A United Airlines plane was forced to make an emergency landing at Shannon Airport in the Republic of Ireland due to severe turbulence during a transatlantic flight. Sixteen people were taken to hospital with injuries.

The incident on flight UA-880 took place at around 6.00am BST on Wednesday (31 August). Fourteen passengers and two cabin crew were taken to University Hospital Limerick for treatment.

The Boeing 767-300 aircraft was travelling from Houston, Texas to London Heathrow when it was forced to divert. "United Airlines is providing care and support to customers and crew of flight UA-880 which experienced severe and unexpected turbulence during a flight from Houston to London Heathrow today," the company said in a statement.

"The aircraft diverted to Shannon Airport in Ireland where it was met by medical personnel," it added. "We wish these passengers and crew a quick recovery from their injuries."

The flight was carrying 207 passengers and 13 crew members, Sky News reported. Leslie Chi, a student at Nottingham Trent University wrote on Facebook that she "really felt I might die" after turbulence shook the aircraft. She added that she is fine now.

Air turbulence can come about due to number of different conditions, according to the Federal Aviation Administration (FAA). Turbulence can be created by "atmospheric pressure, jet streams, air around mountains, cold or warm weather fronts or thunderstorms.

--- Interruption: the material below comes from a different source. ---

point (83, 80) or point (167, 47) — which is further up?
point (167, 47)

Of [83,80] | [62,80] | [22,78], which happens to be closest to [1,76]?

Turbulence can even occur when the sky appears to be clear," the FAA website notes.

Turbulence is the most common cause of injuries to airline passengers and flight attendants. Around 58 people are injured each year in the US due to not having their seat belts fastened during turbulence.

Between 1980 and 2008, US air carriers had 234 "turbulence accidents", resulting in 298 injuries and three fatalities, according to the FAA. At least two of the three people who died were not wearing their seat belts when the sign was illuminated.